Lebih dari sekadar kemiskinan, Hendrayadi menyoroti kondisi keluarga sebagai pemicu utama kerentanan anak putus sekolah. Fenomena orang tua yang berpisah, di mana salah satu pihak (terutama ibu) menjadi Tenaga Kerja Indonesia (TKI) di luar negeri dan pihak lain tidak jelas keberadaannya, membuat anak-anak terpaksa dititip.
“Anaknya dititip di nenek atau kadang-kadang di tetangga. Itu pemicu anak putus sekolah dan anak tidak sekolah,” tambahnya.

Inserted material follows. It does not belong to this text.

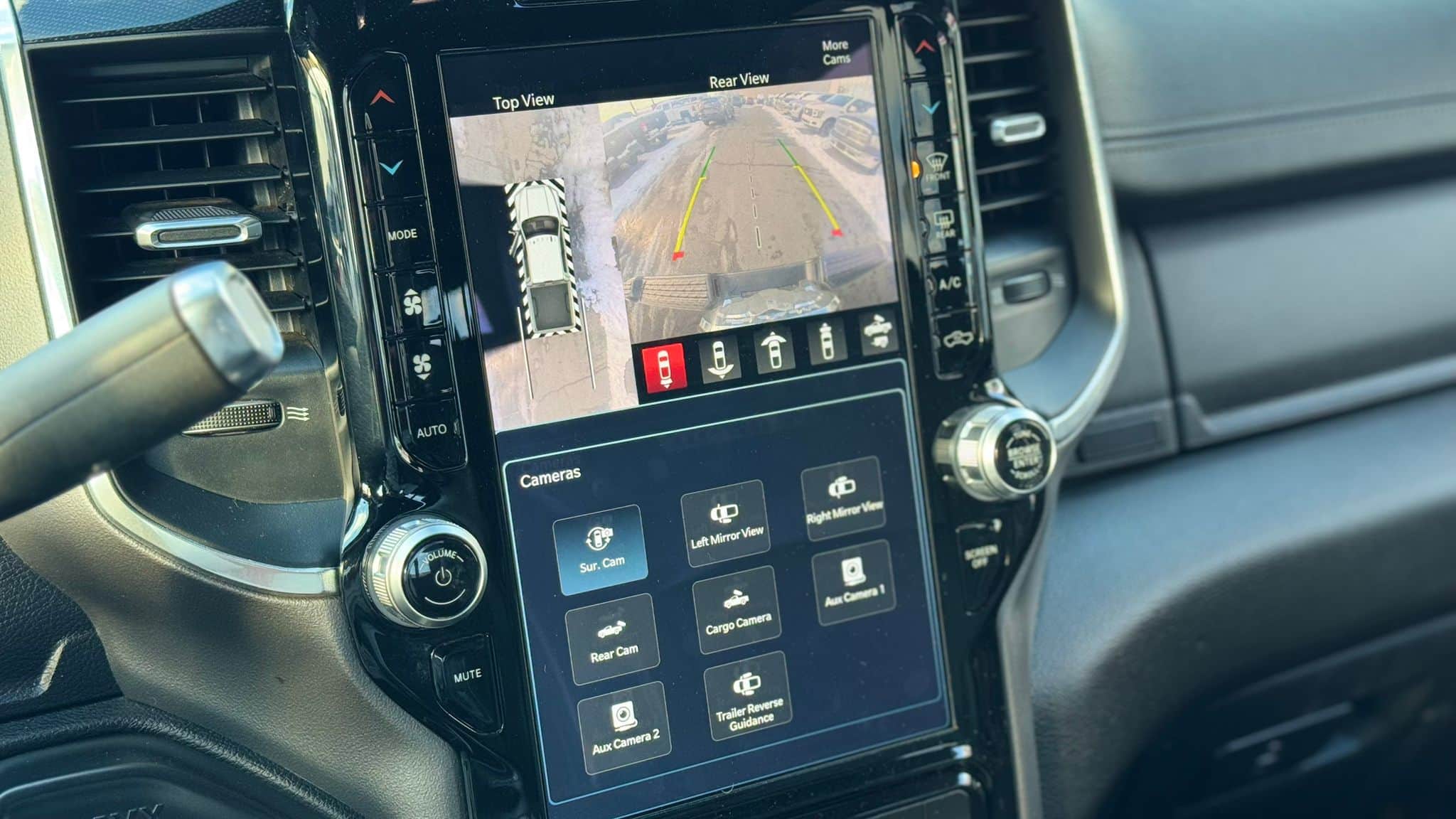 2022 Ram 2500 LARAMIE 6.7L CUMMINS TURBO DIESEL 4x4 Crew Cab 6'4" Box thumbnail 15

Adapun dampak yang ditimbulkan dari tingginya angka putus Sekolah ini sangat serius dan berantai, yaitu tingginya kasus perkawinan anak. Pernikahan dini ini kemudian berdampak langsung pada masalah administrasi kependudukan.
“Dampak yang ditimbulkan terhadap ini adalah tingginya perkawinan anak, kemudian yang berdampak ke banyak anak yang tidak bisa memiliki dokumen-dokumen kependudukan yang jelas,” tegas Hendrayadi.
Ia mencontohkan, kasus ibu yang melahirkan di usia 14 tahun menciptakan data anomali yang mengganggu sistem pendidikan. Anak-anak usia Sekolah, bahkan sudah usia SMP, tercatat tidak bisa mendapatkan ijazah karena dokumen kependudukan mereka tidak selesai.
“Bahkan di akhir tahun kemarin ada tiga tercatat anaknya harus sudah SMP. Karena datanya anomali terus sehingga tidak bisa terbit ijazah,” ungkapnya.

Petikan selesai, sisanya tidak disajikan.